You are very welcome  and I fixed the export bug last night so the next release will sort that out.


----------



## terry j

was always curious about convolver etc etc, but it always made my eyes glaze over ha ha.

The links above led me to read (well, started anyway-not finished yet) the threads on the avs forum on REW and on DRC.

The one on DRC has been archived, which I guess only shows how old it is, the trouble is the guy who started that thread evidently did a big write up on how to use the drc, but the link is no longer active.

SOooo, has that write-up been moved somewhere and is it still available?? I only hope that if it is it is written in such a way that an idiot like me can fumble my way through it.

Rajdude, I would assume that the level of computer knowledge required to successfully get this type of thing up and running is more than required to nut out REW, what is the relative levels of difficulty in your estimation??(only to give me some sort of idea, if the answer is "WWAAAYYY harder dude" then I probably wouldn't even try!!)


----------



## aps

Folks

My first post on this forum. I'm attempting to use this set-up but the filter impulse response (.wav) file that I create seems to be empty. (Much like described in the earlier posts). This file just has a short, sharp, click and then nothing. 

I'm not sure that I've got the process right but I'm doing a standard REW sweep with one channel, creating filters (which I can see on the measurement) and then using the export function. Any ideas on where I might have gone wrong? 

Thanks in advance for all the help. 

Cheers,
APS


----------



## JohnM

In the first dialog that comes up when exporting a filter impulse response make sure you select the name of the measurement whose filters you want exported.


----------



## aps

John

Thanks for the response. I must be doing something simple wrong. The attached screen-shot shows the export for a measurement which has a filters. A second attachment has the resulting .wav file which just comprises of a short, sharp, click. 

To be clear, the process that I've used is 1) standard measurement from 20 to 20000Hz for right channel, 2) create & save filter for 20 to 200Hz range, 3) export "filter impulse response" using the same response for both stereo channels. 

If I have two measurements open then I do get two options. The only other thing is that the filenames for the export are those of the tab rather than the name which I used to save the file. (In this case Jan 14 whereas the file is saved onto my computer as 140109-LP ...) I'm using V4.11 Build 1068. 

I guess that I must be doing something simple wrong.

Cheers
APS


----------



## JohnM

That file does have your filter responses in it - to see that, just import the file back into REW as an Impulse Response (Ctrl+Shift+I) and you will see the frequency response of your filters. It is best to use 24 or 32 bit resolution for the export if the convolver you are using can accept that.


----------



## aps

JohnM

Thanks for the responses. I can report that the system is working end-to-end with REW / Convolver.

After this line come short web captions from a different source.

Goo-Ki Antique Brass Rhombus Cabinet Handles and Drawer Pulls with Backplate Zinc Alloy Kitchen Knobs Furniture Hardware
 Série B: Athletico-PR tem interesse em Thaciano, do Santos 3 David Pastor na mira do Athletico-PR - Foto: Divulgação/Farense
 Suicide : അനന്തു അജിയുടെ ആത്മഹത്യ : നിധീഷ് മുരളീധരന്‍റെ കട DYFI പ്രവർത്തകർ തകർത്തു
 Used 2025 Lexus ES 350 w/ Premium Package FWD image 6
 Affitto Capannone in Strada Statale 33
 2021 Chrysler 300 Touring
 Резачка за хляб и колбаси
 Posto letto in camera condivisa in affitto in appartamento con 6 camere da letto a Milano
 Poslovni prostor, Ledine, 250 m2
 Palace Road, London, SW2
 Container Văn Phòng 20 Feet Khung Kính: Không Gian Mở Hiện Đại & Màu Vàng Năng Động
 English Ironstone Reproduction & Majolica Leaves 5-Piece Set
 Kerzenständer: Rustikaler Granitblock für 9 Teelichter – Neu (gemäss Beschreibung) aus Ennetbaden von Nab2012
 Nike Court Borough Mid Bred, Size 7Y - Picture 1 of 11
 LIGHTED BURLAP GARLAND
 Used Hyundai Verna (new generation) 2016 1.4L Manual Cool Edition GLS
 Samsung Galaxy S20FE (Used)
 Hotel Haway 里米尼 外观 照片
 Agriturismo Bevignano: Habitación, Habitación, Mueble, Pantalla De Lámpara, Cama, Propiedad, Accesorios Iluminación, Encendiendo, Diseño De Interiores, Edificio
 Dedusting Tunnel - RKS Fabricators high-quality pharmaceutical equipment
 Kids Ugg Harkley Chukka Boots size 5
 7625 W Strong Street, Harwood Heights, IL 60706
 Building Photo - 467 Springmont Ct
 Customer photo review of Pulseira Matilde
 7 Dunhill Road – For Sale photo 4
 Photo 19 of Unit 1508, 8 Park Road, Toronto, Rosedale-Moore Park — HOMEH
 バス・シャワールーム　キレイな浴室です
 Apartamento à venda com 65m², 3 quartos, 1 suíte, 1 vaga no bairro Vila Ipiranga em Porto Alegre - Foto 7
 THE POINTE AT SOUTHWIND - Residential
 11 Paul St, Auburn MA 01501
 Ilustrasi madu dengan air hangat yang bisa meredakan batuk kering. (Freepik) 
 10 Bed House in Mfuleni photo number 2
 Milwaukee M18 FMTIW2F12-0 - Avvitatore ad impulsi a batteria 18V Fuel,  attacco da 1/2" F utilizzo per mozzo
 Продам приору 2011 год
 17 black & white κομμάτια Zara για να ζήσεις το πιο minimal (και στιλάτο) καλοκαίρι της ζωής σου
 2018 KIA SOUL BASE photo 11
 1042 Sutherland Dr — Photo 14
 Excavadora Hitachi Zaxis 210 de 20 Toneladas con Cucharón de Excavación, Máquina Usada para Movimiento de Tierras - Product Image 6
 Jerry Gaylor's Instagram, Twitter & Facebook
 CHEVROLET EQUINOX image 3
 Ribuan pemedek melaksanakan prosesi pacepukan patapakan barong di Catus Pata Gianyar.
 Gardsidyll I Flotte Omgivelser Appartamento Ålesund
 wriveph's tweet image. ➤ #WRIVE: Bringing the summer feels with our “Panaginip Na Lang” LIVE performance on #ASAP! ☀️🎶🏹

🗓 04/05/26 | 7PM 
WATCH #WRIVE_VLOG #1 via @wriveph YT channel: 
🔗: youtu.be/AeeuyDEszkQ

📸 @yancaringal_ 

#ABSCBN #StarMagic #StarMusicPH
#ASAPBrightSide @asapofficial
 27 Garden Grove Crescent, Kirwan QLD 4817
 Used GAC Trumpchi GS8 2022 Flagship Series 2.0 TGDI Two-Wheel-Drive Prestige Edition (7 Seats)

It's been a great learning experience and the bass response is getting better with each attempt.

Cheers,
APS


----------



## _gl

I've had this working for a while and it's excellent - however I find that the normalized correction EQ IRs cause clipping in convolvers (set to 100% Wet-only processing). I have to drop their output gains to -6db to avoid all clipping in the most heavily brickwalled audio tracks (-4db works most of the time). I've seen this with ConvoBoy (VST convolver) and Freeverb3.

Is this expected for normalized EQ IRs? Or could they be normalized differently to avoid clipping?


----------



## Capoeira

rajdude said:


> Use the Generic setting for the equalizers. That has the widest range of filter types and the best filter resolutions.


Would be nice to have more than 20 filters to make a convolver filter. "DRC" Software for example uses 30.
I'm using DRC for a while now, I will try out REW-generated filters now.


----------